* [Task goal]: Leave out the pictures, and quote exactly the lines running from the one with "Mug de café Monogramme noir & blanc moderne" through the last line of the entries below.

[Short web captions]
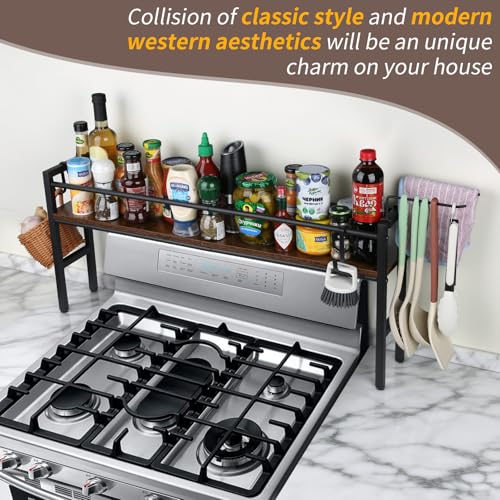 Meangood Spice Rack Shelf for Kitchen Stove Over the Stove Shelf with 4 Hooks Extra Storage Countertop Rustic Wood Solid Metal Commbined Stove Shelf for Storage Seasoning Easy to Assemble - Image 3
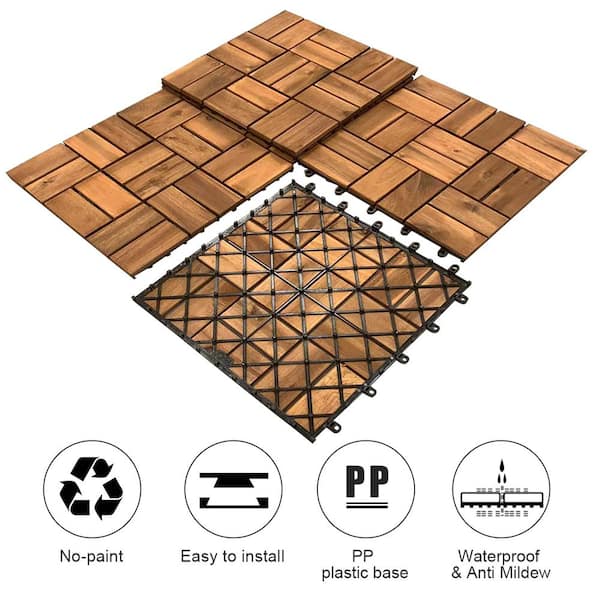 Pro Space 12 in. x 12 in. Acacia Wood Interlocking Flooring Deck Tile Checker Pattern Brown 12 Slats (10-Pack)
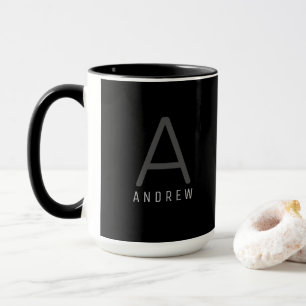 Mug de café Monogramme noir & blanc moderne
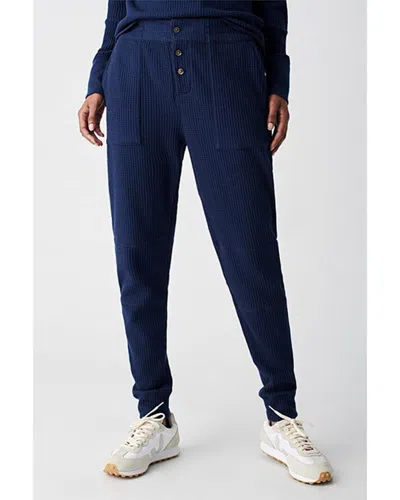 Faherty Waffle Yule Jogger Pant In Blue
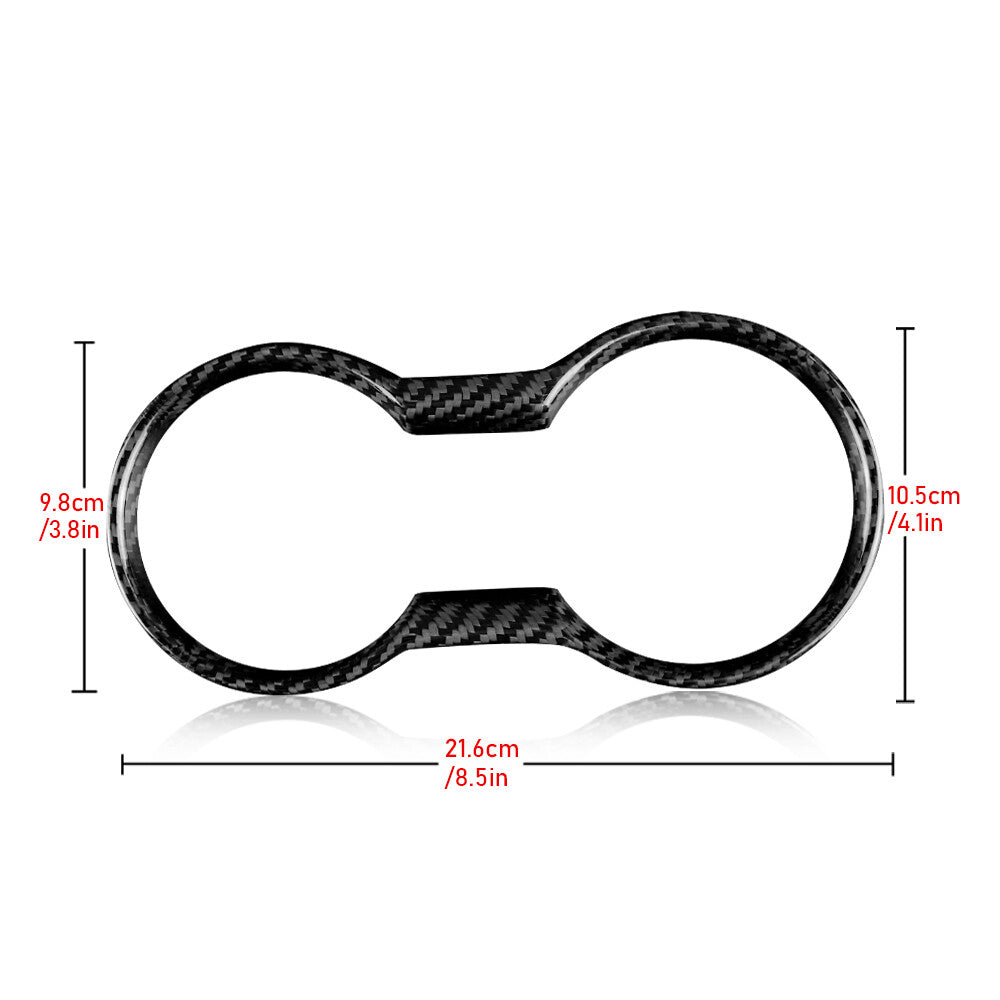 Cup Holder Cover Interior For Ford Mustang 15-2021 REAL HARD Black Carbon Fiber - detail view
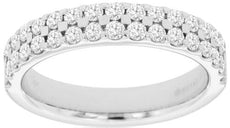 .77CT DIAMOND 14KT WHITE GOLD ROUND SHARED PRONG 2 ROW WEDDING ANNIVERSARY RING
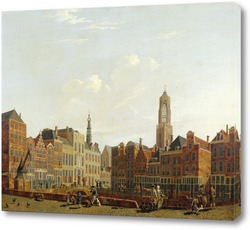  Картина Утрехт.Ратуша с мостом и окружающей средой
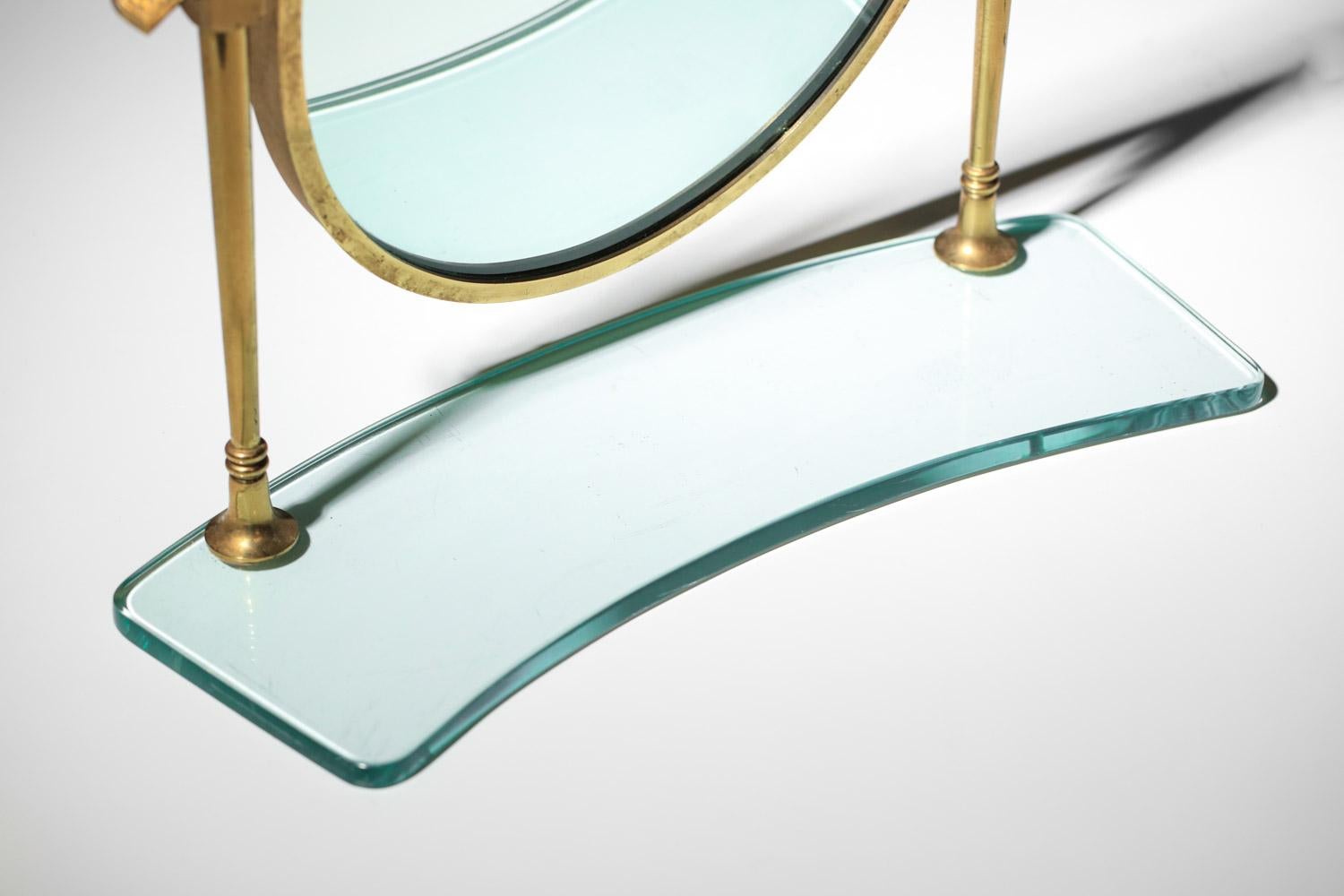 Milieu du XXe siècle Miroir de table italien laiton et dalle de verre  en vente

* [Output of the exercise]:
 Mug de café Monogramme noir & blanc moderne
 Faherty Waffle Yule Jogger Pant In Blue
 Cup Holder Cover Interior For Ford Mustang 15-2021 REAL HARD Black Carbon Fiber - detail view
 .77CT DIAMOND 14KT WHITE GOLD ROUND SHARED PRONG 2 ROW WEDDING ANNIVERSARY RING
  Картина Утрехт.Ратуша с мостом и окружающей средой
 Milieu du XXe siècle Miroir de table italien laiton et dalle de verre  en vente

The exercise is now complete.